Artikel 3 Agrarisch
3.1 Bestemmingsomschrijving
De voor 'Agrarisch' aangewezen gronden zijn bestemd voor agrarische bedrijven, niet zijnde intensieve veehouderijen als bedoeld in lid 1.9 onder c.
3.2 Bouwregels
Op deze gronden mag worden gebouwd en gelden de volgende regels:
-
a. gebouwen worden binnen in het bouwvlak gebouwd;
-
b. de goothoogte van gebouwen bedraagt ten hoogste de met de aanduiding 'maximale goothoogte (m)' aangegeven goothoogte;
-
c. de bouwhoogte van erfafscheidingen binnen het bouwvlak bedraagt ten hoogste 2 m;
-
d. de bouwhoogte van erfafscheidingen elders bedraagt ten hoogste 1 m;
-
e. de bouwhoogte van overige bouwwerken geen gebouwen zijnde bedraagt ten hoogste 2,5 m.

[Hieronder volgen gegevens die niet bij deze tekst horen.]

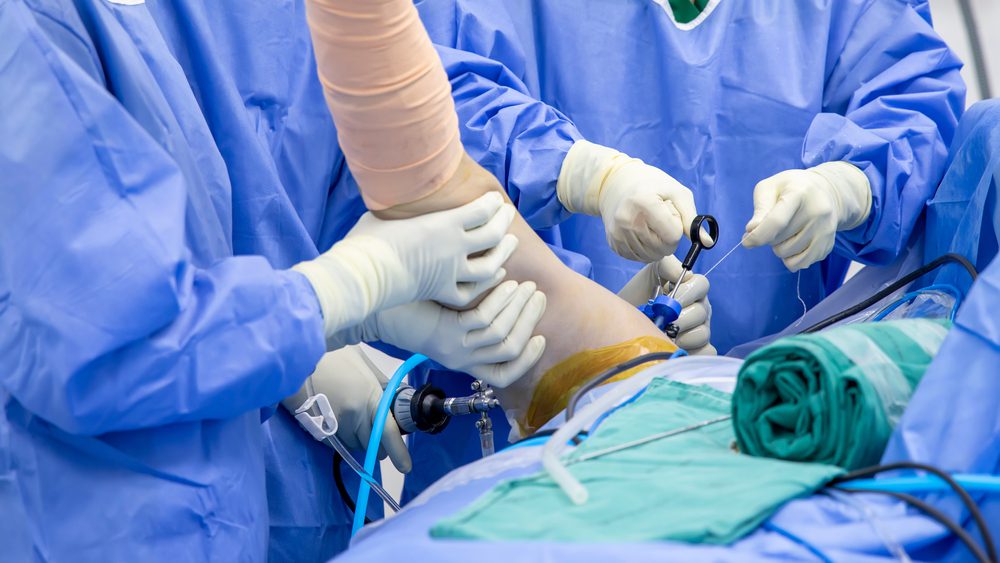 Shoulder Arthroscopy Orthopaedic Surgeon Lucknow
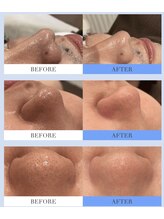 ホワイトアクア 京橋店(WHITE AQUA)/毛穴洗浄×引き締め 1回目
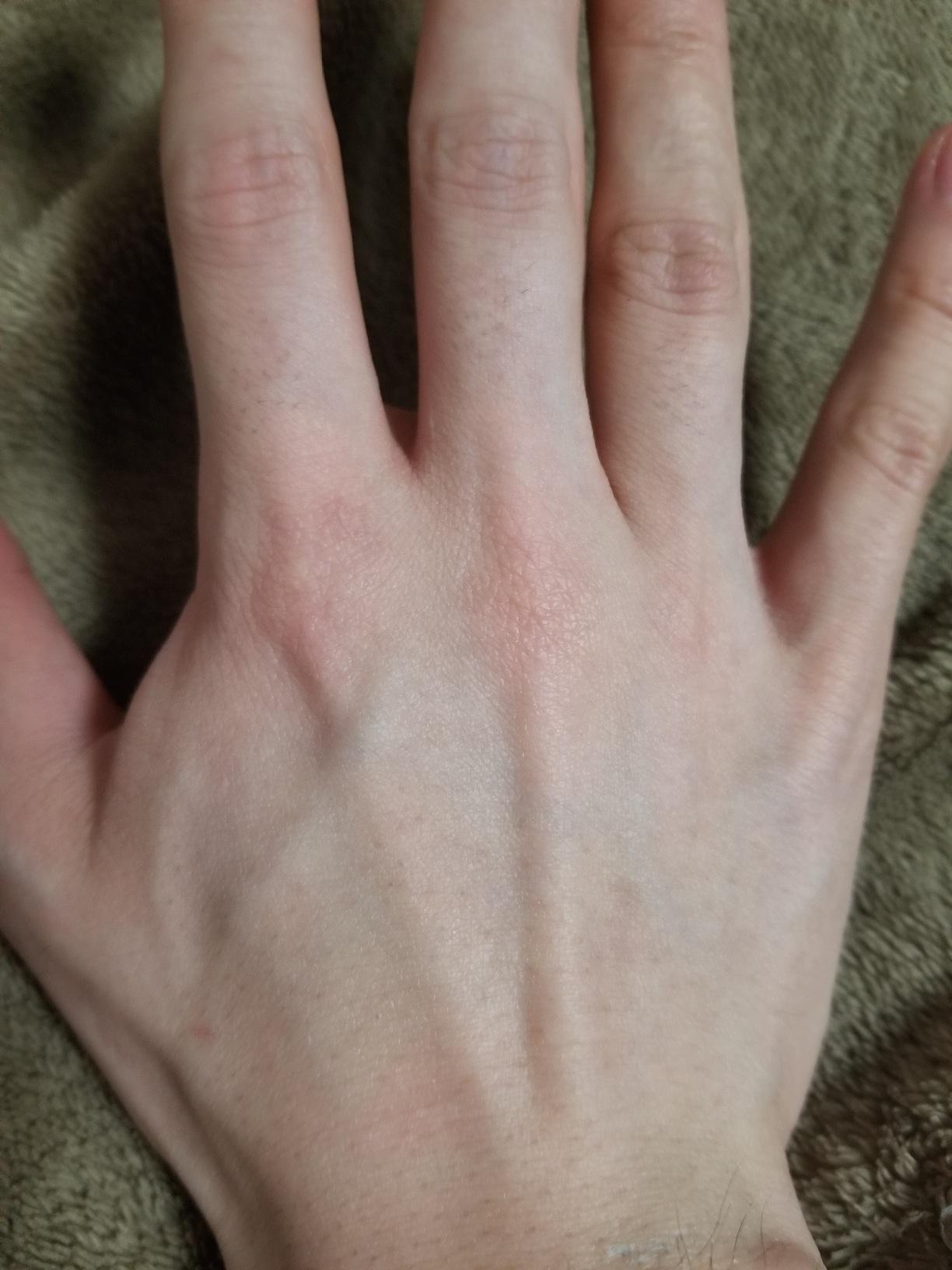 カスタマー画像 Rise Amazonで購入 画像閲覧注意 適当にやると大惨事 説明書をしっかり読んでやりましょう 代男です 体毛で悩む男達の為になればと思いレビューします 本レビューには一部の方に不快な思いをさせる表現があるかもしれません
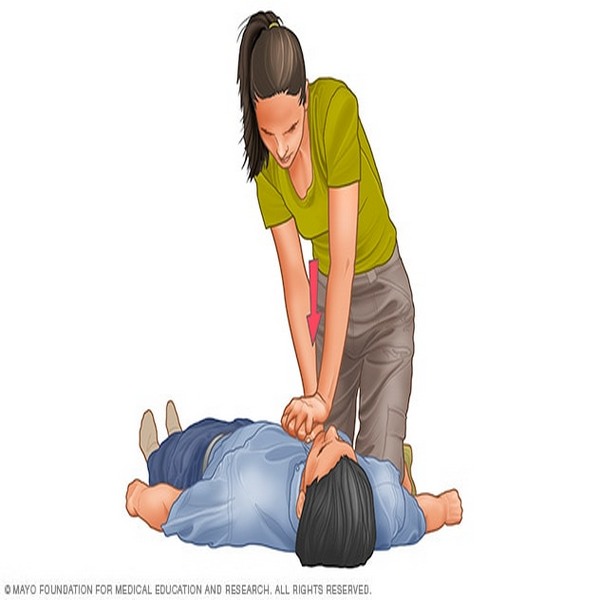 Cardiopulmonary Resuscitation (CPR): First aid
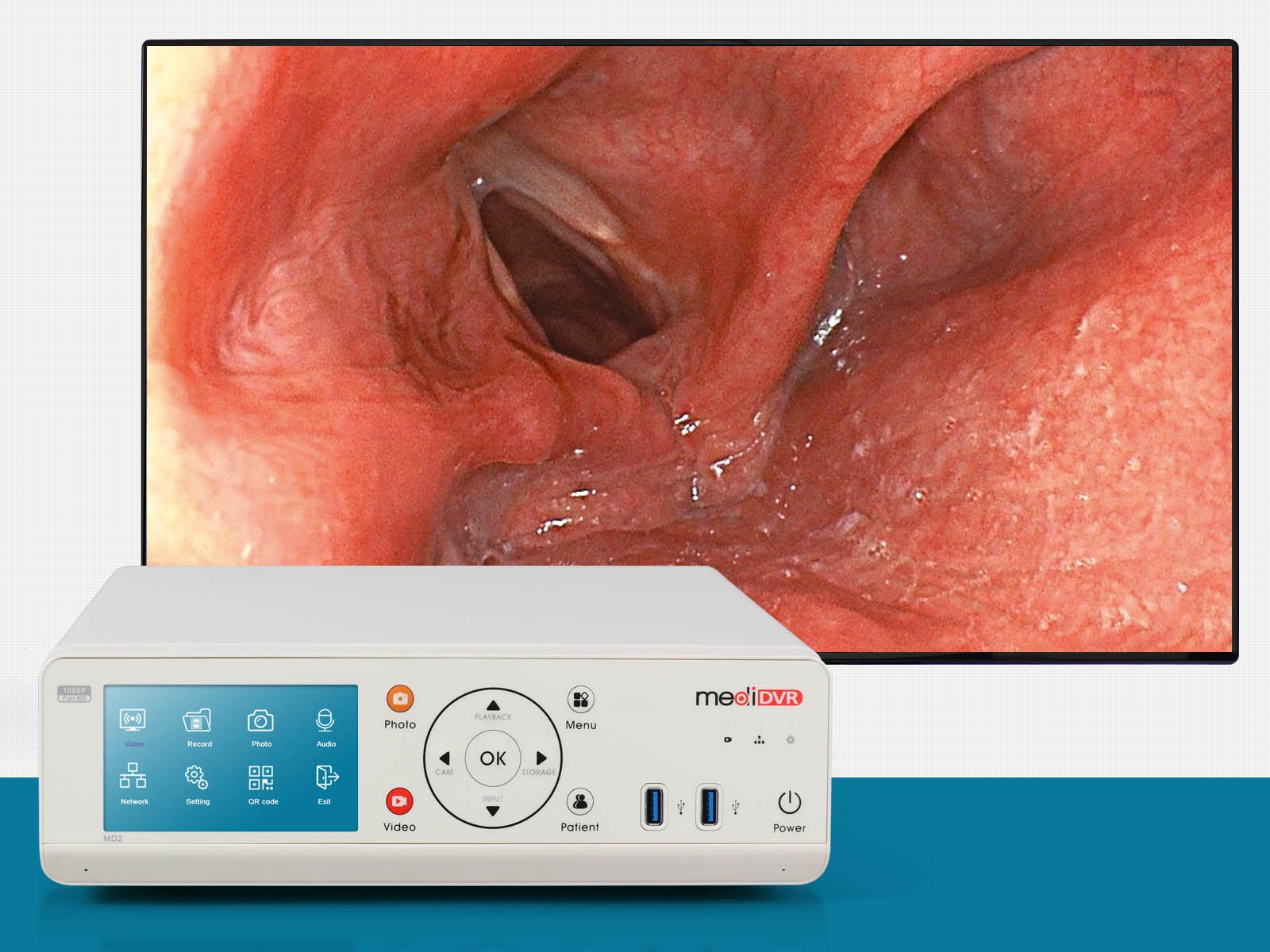 zowietek-surgical-video-recorder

3.3 Afwijken van de bouwregels
Bevoegd gezag kan bij een omgevingsvergunning afwijken van lid 3.2 onder a voor de bouw van één agrarisch bedrijfsgebouw per agrarisch bedrijf, met inachtneming van de volgende regels:
-
a. de oppervlakte bedraagt ten hoogste 40 m2;
-
b. de goothoogte bedraagt ten hoogste 3,5 m;
-
c. de bouwhoogte bedraagt ten hoogste 6 m;
-
d. de afstand van een gebouw tot de bestemming 'Water – Natuur en landschapswaarden' bedraagt ten minste 25 m;
-
e. het bedrijfsgebouw dient noodzakelijk te zijn voor een doelmatig agrarische bedrijfsvoering.